And I don’t mean Karl Rove:
Pathologist, angel of mercy, advocate, lightning rod, scofflaw, punchline — to Dr. Jack Kevorkian’s long resume of sobriquets we may now add ex-con.
After serving 8 years of a 10-to-25-year sentence for second-degree murder, the doctor walked out of the Lakeland Correctional Facility in Coldwater, Mich., and into the predictable media frenzy. He had only a few offhand, characteristically vinegary remarks for the legions of reporters and camera crews on the scene, but there will be all manner of TV appearances and news conferences in the days and weeks to come, one may be sure.

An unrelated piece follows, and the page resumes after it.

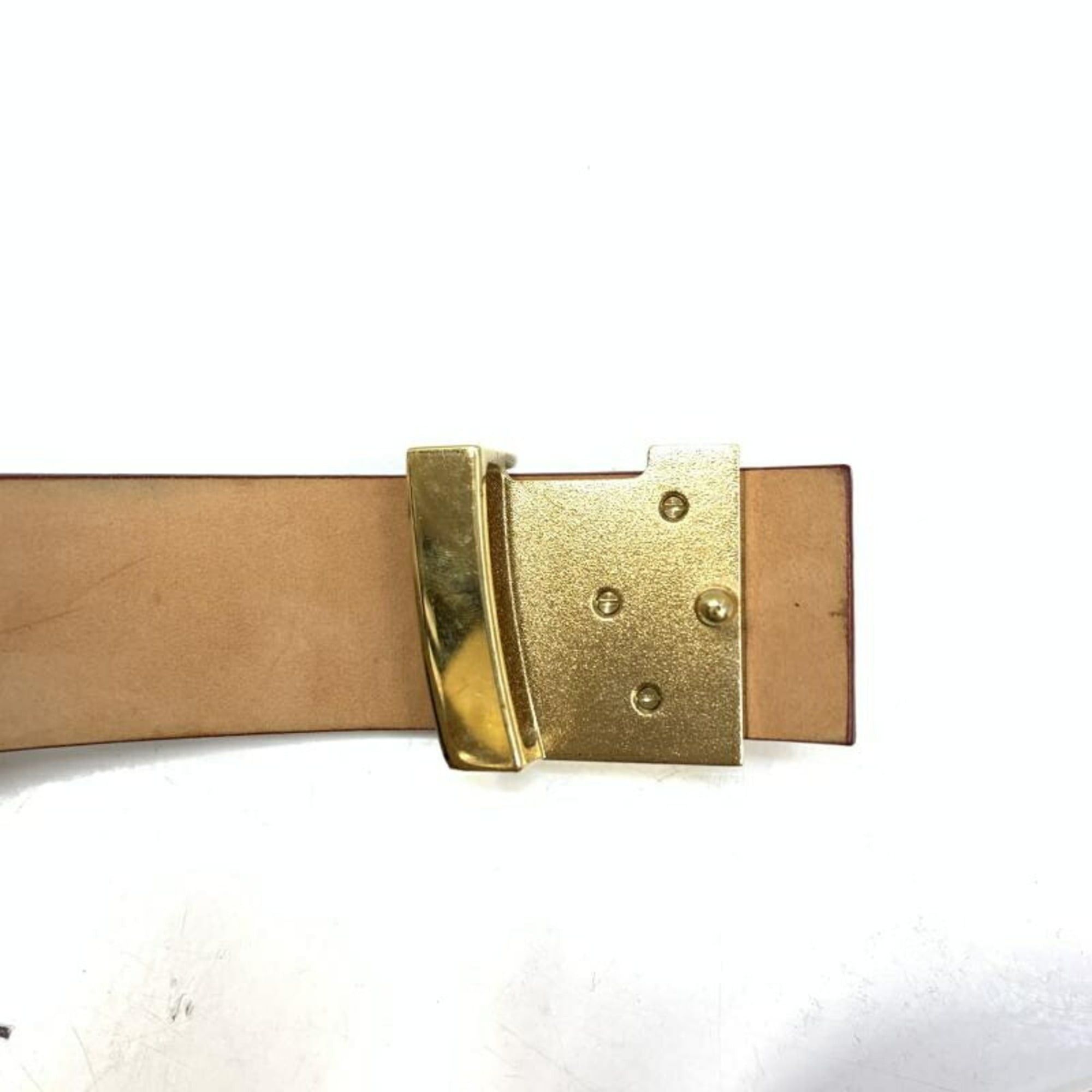 LOUIS VUITTON Ceinture Initial LV Belt Nomade Leather Brown  display picture 1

Seventy-nine and not in the best of health himself, Dr. Kevorkian returns on parole to a society that still hasn’t figured out what to do about one of the great unintended consequences of modern science: The growing number of people with profound illnesses whose death can be staved off indefinitely but whose suffering and misery, physical or psychic or both, cannot be meaningfully relieved.

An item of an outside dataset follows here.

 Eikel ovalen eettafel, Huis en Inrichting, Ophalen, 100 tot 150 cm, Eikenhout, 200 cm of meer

I used to have very strong feelings about this- I was an unflinching supporter of the notion that we should be able to make our own decisions about our destiny, but firmly against people behaving in an illegal manner. In other words, I agreed with what he was doing in the generic sense, but did not approve of the means.

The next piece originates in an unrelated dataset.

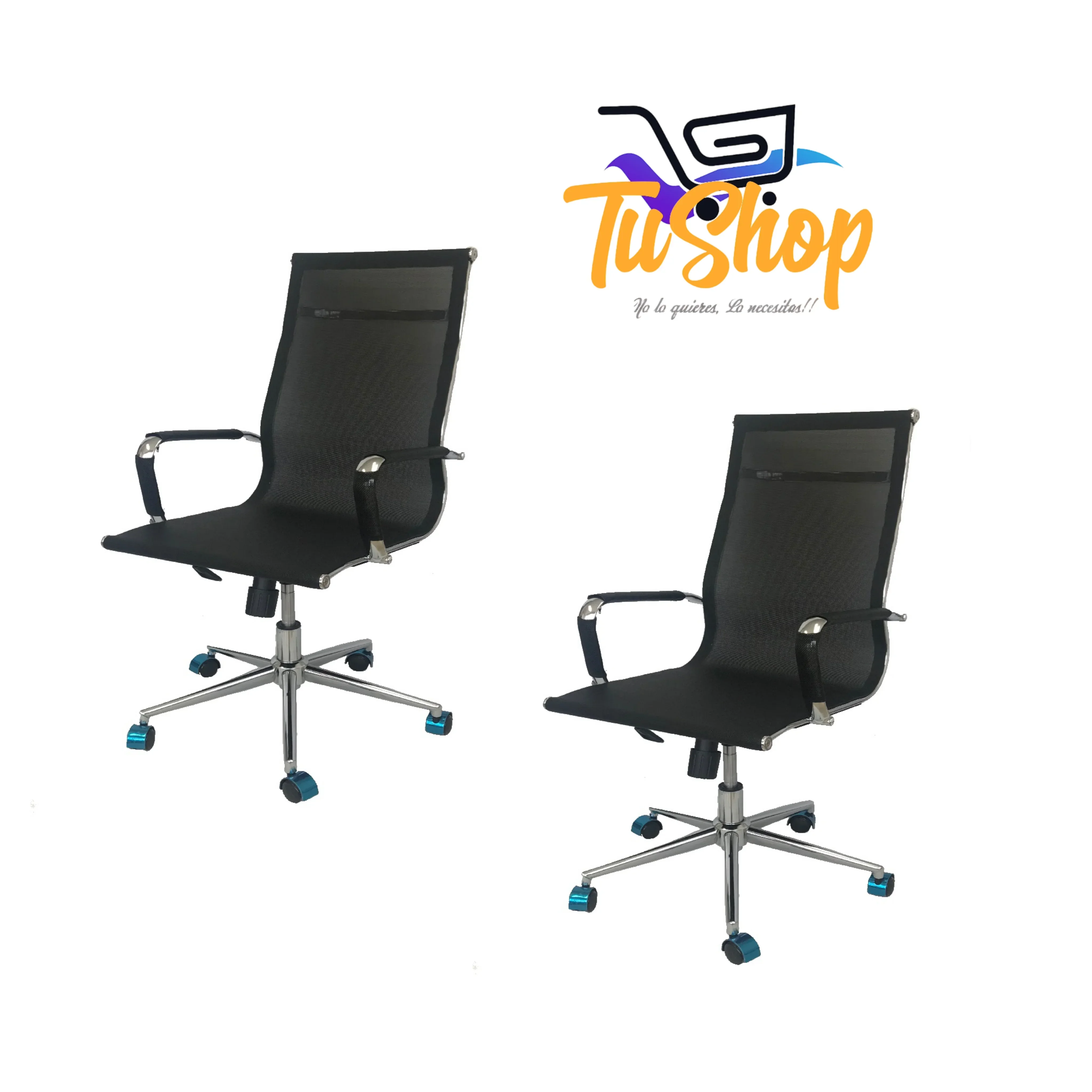 Silla Escritorio Ejecutiva Baja Negra 4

I need to think about this for a while and see if I still believe the same things. I am sure the culture of life nitwits in the blogosphere will have a great deal to say in between breathless posts supporting the death penalty and the necessity of torture, and their opinions will probably influence me, although not in the way they hope or intend. Only one aspect of this debate is simple for me- life is more than a pulse.